BEGIN SOURCE MATERIAL

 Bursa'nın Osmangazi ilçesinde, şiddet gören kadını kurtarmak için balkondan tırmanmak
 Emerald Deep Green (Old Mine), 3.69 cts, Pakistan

END SOURCE MATERIAL
BEGIN SOURCE MATERIAL

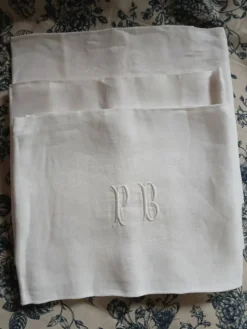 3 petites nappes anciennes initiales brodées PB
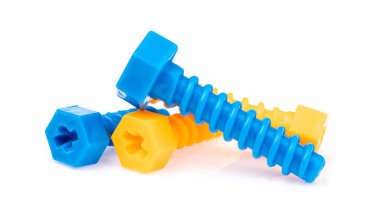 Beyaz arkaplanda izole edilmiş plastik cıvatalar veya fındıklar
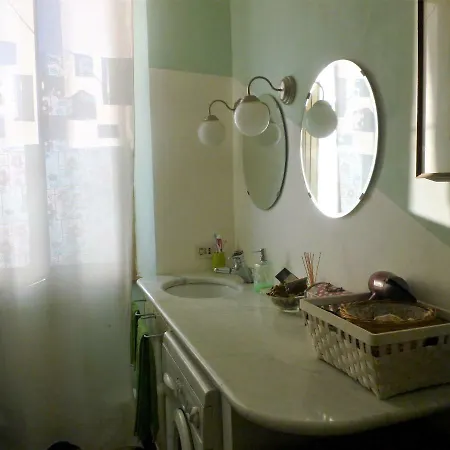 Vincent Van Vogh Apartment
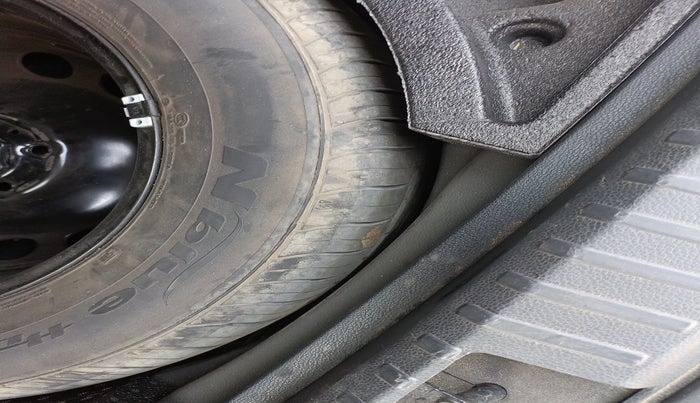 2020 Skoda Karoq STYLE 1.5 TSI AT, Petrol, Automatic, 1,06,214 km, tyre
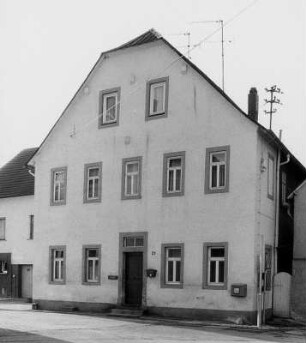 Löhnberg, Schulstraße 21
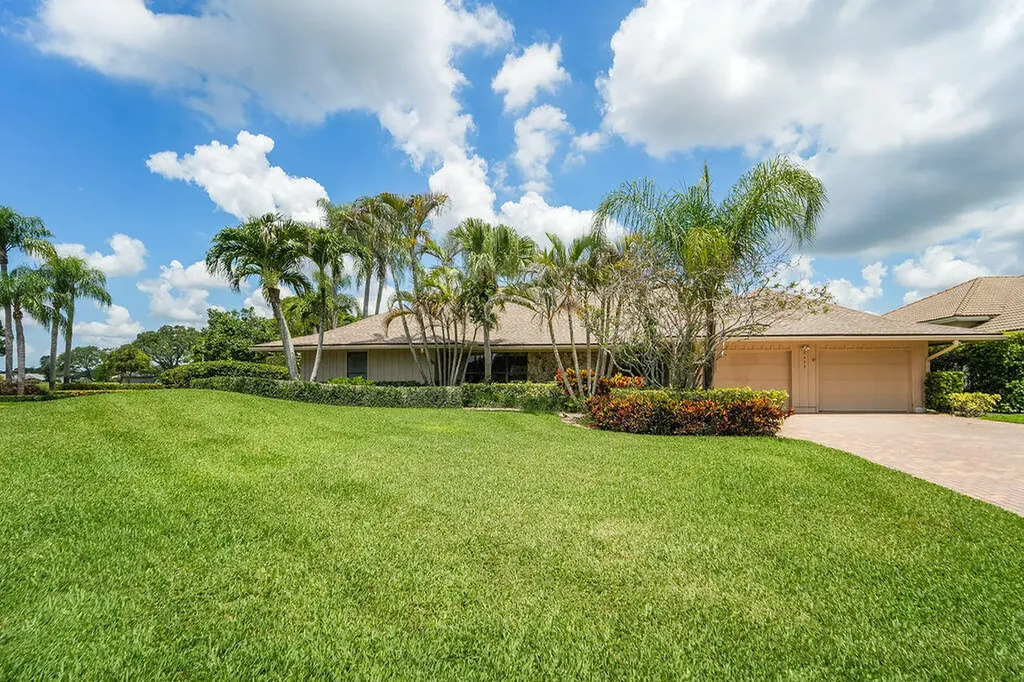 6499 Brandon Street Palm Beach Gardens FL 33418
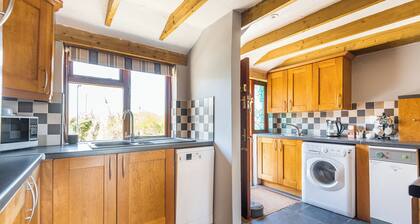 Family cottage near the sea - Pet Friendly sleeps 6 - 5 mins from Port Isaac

END SOURCE MATERIAL

WORK REQUIRED> Word for word, repeat the lines above from the one with "6499 Brandon Street" through the one with "Family cottage near", and nothing beyond them. Omit the pictures.

TASK ANSWER>
 6499 Brandon Street Palm Beach Gardens FL 33418
 Family cottage near the sea - Pet Friendly sleeps 6 - 5 mins from Port Isaac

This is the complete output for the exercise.